The reply should contain each record below, returned exactly as given.

◆ ◆ ◆ ◆ ◆

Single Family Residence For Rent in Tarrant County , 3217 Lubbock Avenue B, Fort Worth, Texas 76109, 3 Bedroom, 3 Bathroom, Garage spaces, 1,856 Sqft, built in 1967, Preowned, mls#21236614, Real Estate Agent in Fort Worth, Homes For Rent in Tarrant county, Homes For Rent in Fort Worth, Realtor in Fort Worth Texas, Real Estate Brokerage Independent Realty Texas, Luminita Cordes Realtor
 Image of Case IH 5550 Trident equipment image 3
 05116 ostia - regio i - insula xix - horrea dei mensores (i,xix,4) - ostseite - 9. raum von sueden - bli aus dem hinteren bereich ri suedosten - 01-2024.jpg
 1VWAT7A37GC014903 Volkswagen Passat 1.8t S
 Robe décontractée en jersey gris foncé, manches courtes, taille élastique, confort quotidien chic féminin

◆ ◆ ◆ ◆ ◆

▶ _Solution to this problem_
Single Family Residence For Rent in Tarrant County , 3217 Lubbock Avenue B, Fort Worth, Texas 76109, 3 Bedroom, 3 Bathroom, Garage spaces, 1,856 Sqft, built in 1967, Preowned, mls#21236614, Real Estate Agent in Fort Worth, Homes For Rent in Tarrant county, Homes For Rent in Fort Worth, Realtor in Fort Worth Texas, Real Estate Brokerage Independent Realty Texas, Luminita Cordes Realtor
 Image of Case IH 5550 Trident equipment image 3
 05116 ostia - regio i - insula xix - horrea dei mensores (i,xix,4) - ostseite - 9. raum von sueden - bli aus dem hinteren bereich ri suedosten - 01-2024.jpg
 1VWAT7A37GC014903 Volkswagen Passat 1.8t S
 Robe décontractée en jersey gris foncé, manches courtes, taille élastique, confort quotidien chic féminin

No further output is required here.